That first year, my one word was life changing. BRAVE helped me settle into a new foreign country. Brave forced me out of my comfort zone and gave me some amazing experiences. Brave held me up and gave me strength after the miscarriage of our first baby. It was an impactful and inspiring practice.
This last year, I picked a word, and then after a few months, it lost its spark. I don’t know how to explain it any other way, but that it stopped resonating for me. It caused me more confusion and heartache to think about it than it helped. And so I stopped thinking about it.
I don’t really mind. I’ve come to realise that spiritual practices are only good for as long as they continue to bring you into a deeper connectedness with God, with yourself, and with those around you. When they stop doing that, perhaps there’s an adjustment to be made, but perhaps that particular practice has simply offered all it can to you for now. You might come back to it in the future, you might not.
I’ve had lots of people ask me what my one word will be this year. Apparently the Pastor of our Luxembourg church even referenced me in his sermon this past Sunday when he talked about it. I know how powerful a practice it can be, and so I still regularly recommend it to friends.

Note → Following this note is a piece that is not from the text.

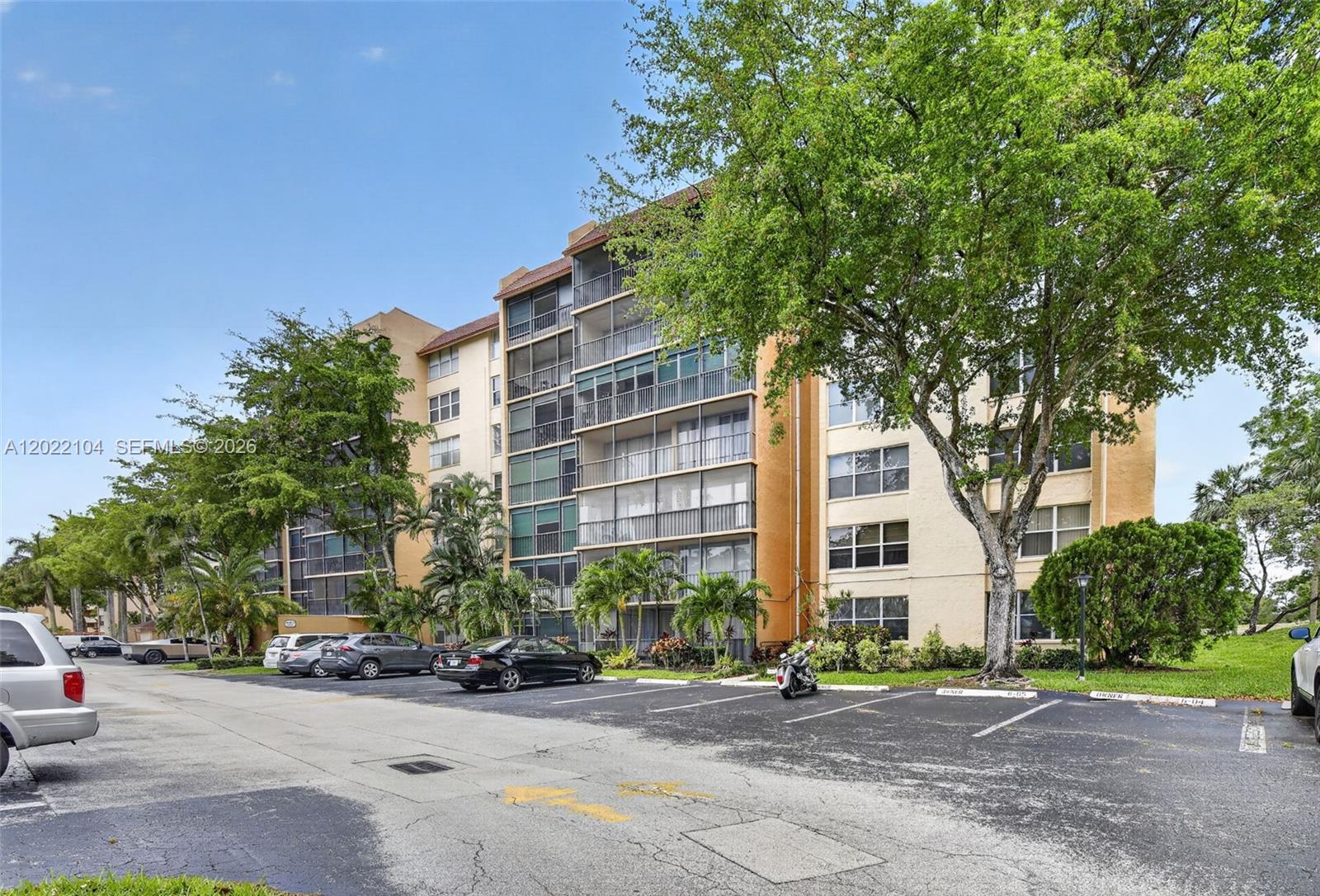 CONDOMINIUM 6 OF ENVIRON - Residential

But I’m not choosing one word this year.
I’ve thought about it a lot, mulled over some possibilities. But nothing stands out. No word has chosen me.
Instead, I carry a sense of intention into this new year. There are a few themes that have been revolving in my mind, themes I know I want to sit with for a while, around the idea of seeds, of nurturing, of gentleness and what it means to live in the tension between enough and desire.
I’m leaning in to that space at the same time as I’m counting down the days until this new baby arrives. And I’m embracing the practices that feel good and life-bringing and soul-watering. The rest I’ll pack away for now, until the day they feel useful again. Life is too short to feel guilty about spiritual practices that aren’t working for me.
Can I encourage you to do the same? The One Word practice has become a little trendy in the past years, which is great in that it brings the idea to a wider audience. And it can be a powerful tool in your life’s walk to discover more of yourself and more of the divine. But maybe not. And that’s OK too.
Or maybe it’s another practice. Something everyone in your church or community is doing, but it just doesn’t resonate. If I was sitting across from you right now I’d tell you that you are FREE to chose how you live, what spiritual and life practices you embrace, and what you leave for others. And that it’s natural and normal for some practices to have a season of usefulness in your life. For that we thank them, and then we look around for the next opportunity – what way is God going to speak to me in this season?
However you chose to begin this new year, may the practices you pick up bring you a greater sense of connectedness with your life’s purpose and with the One who made you and loves you deeply.